Pension de réversion : vers une harmonisation des règles

Pension de réversion : vers une harmonisation des règles

L’objectif de la réforme des retraites est clair : uniformiser les droits à retraite sans distinction de régimes. C’est donc sans surprise qu’une partie du rapport du Haut-commissaire à la réforme est dédiée aux modalités d’attribution de la pension de réversion.

Dans le système actuel des retraites, les conditions d’attribution de la pension de réversion diffèrent selon le régime auquel appartenait le défunt. Demain, le nouveau système prévoira un fonctionnement identique pour tous. Décryptage des propositions du rapport Delevoye sur la réversion.

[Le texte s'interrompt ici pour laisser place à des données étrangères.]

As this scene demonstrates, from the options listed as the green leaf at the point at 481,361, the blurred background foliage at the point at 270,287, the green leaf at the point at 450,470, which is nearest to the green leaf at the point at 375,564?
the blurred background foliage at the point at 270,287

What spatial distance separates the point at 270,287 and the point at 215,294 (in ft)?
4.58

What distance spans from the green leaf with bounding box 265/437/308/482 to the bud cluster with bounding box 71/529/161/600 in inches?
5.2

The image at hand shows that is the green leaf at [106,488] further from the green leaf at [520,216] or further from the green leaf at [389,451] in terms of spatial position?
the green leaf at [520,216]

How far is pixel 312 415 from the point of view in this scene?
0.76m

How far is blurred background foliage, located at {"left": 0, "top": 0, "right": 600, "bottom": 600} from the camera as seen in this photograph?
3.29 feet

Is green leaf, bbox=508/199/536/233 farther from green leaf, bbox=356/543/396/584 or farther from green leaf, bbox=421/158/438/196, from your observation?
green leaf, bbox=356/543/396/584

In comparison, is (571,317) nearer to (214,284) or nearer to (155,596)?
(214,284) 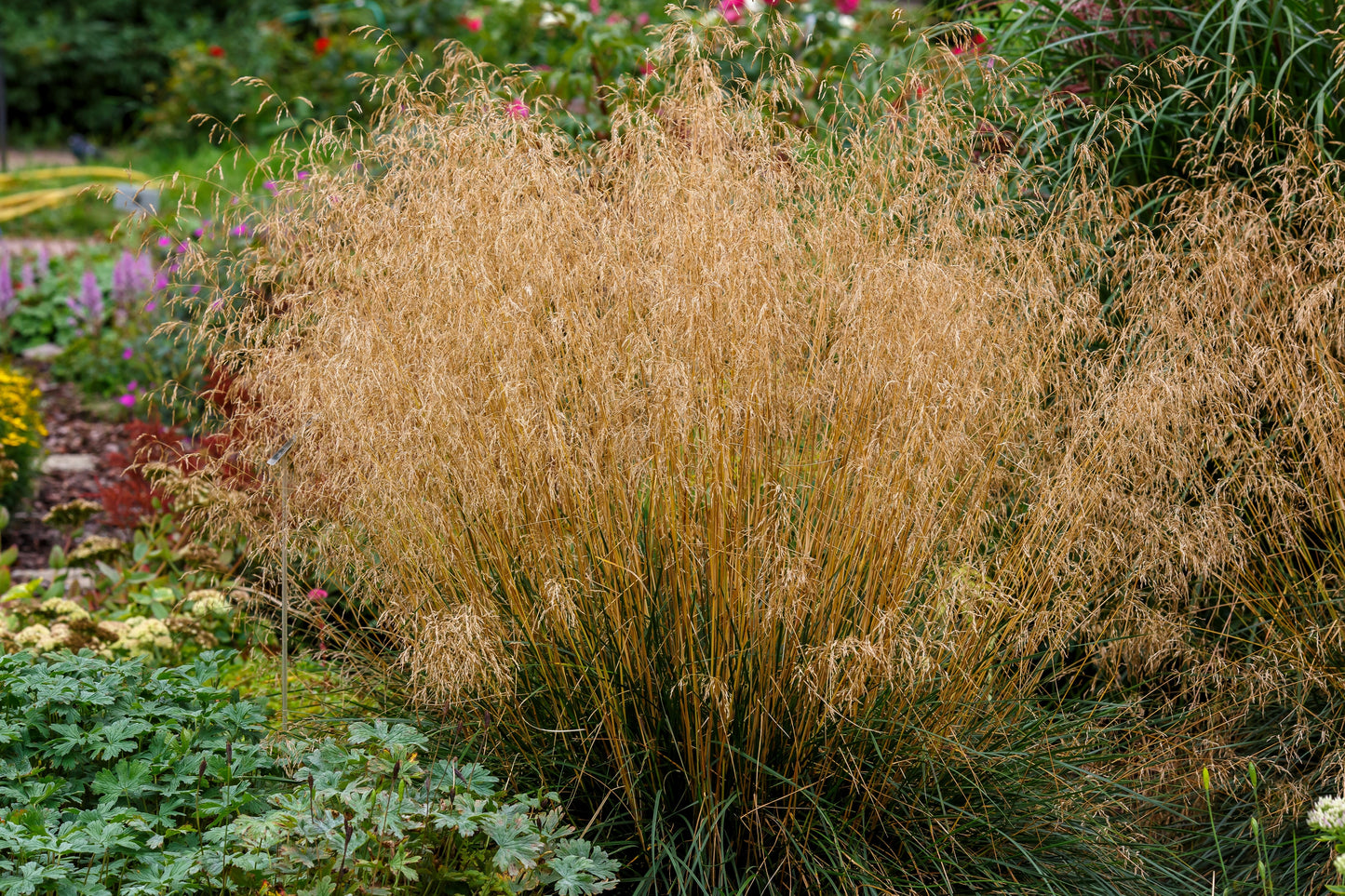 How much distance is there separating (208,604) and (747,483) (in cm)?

Les pensions de réversion aujourd’hui : des inégalités selon les régimes de retraite

Les pensions de réversion obéissent à près de 13 règles différentes selon les régimes de retraite. Âge minimal, nombre d’enfants que vous avez eus avec le défunt, durée du mariage, voire conditions de ressources… il est parfois difficile pour le conjoint survivant de savoir s’il peut bénéficier de la pension de réversion.

Par exemple, si votre conjoint était infirmier, il vous faudra patienter jusqu’à vos 65 ans pour toucher sa pension de réversion complémentaire (CARPIMKO), mais vous pourrez toucher sa pension de réversion de base (CNAVPL) dès 55 ans.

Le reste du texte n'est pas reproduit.